Coffee Name
The first
time I heard of a “Coffee name” was when my Irish friend Diarmuid used one
while picking up a take-out pizza. When I asked him why he told the cashier his
name was David he said no one in America could understand the way he pronounced
his real name, so he used a name that people could grasp, a coffee name. “Feckin’

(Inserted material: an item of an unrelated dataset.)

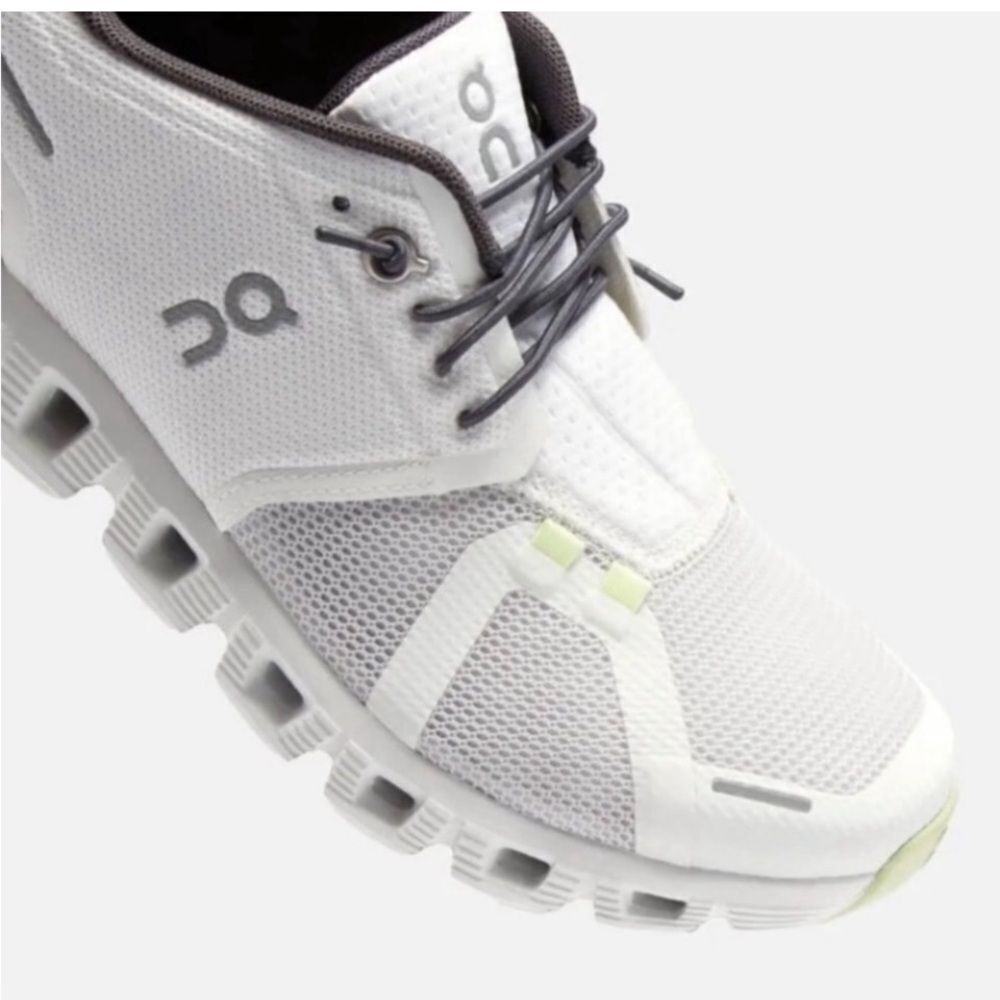 Brand New pair of On Cloud sneakers in size 11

eejits,” he punctuated it. The idea
intrigued me. Here was the chance to change
my name; to change who I was, if only for a complete stranger.
Bill, that’s
my name. It’s simple, compact and
entirely common, none of the traits I want to project. People with more exotic names use Bill for
their coffee name. It’s been in my family for generations, although technically
it’s William. But, my mother shortened
it to the more common nick-name. She may
have lopped off some of the letters but the number of syllables remained the
same; “Bee-uhl” that’s how it’s pronounced in the south. Like something you might hear at a pig-calling
contest.
To be
completely honest, this was not the first time I thought of changing my
name. Many men who come out of the
closet jettison their nick-names and trot out their fancy, stylish full names
to go with their new fancy, stylish selves. Jeff will become Geoffrey, Stu
becomes Stewart and Bob becomes Robert or the spicy, salsa version:
R-r-r-r-oberto!
But I wanted
something more than William. I wanted a name that projected the real me, you know? When I told my friend Diarmuid this, his suggestion
was “How about Precious?”
The Irish
have a dark sense of humor.
I was
pondering this while standing in line at a popular lunch spot one day. The “sandwich engineer” was asking for a name
to go with the order. Here was my chance to come up with a new name and try it
out. I mentally flipped through a rolodex of names when the young attractive man
behind the counter asked me “Can I have your number?” Flustered, I looked at Diarmuid and then
turned back to the young man. “I mean
name, can I have your name?,” he corrected himself, equally flustered. “It’s
David,” I stammered. “Feckin’ eejit,” my friend muttered.
I began to
think that maybe people became their names and not the other way around. Maybe
Jeff was always Geoffrey and Stu was always Stewart, just waiting for the right
time in their life to percolate into their real names. But William seemed too formal and aloof and
if I was going to choose a completely foreign name I might as well change my
sex, which was my mother’s initial fear when I first told her I was gay.
And then I
met Paul; dependable, handsome Paul. Two
months into our relationship he left for a business trip that interrupted our
affair. “I miss my Willy,” he said to me
on the phone. Willy. I knew then that this was the name I’d hear for the rest
of my life. That’s when it hit me, the key to finding my name was not changing
it for a stranger, but for someone I loved.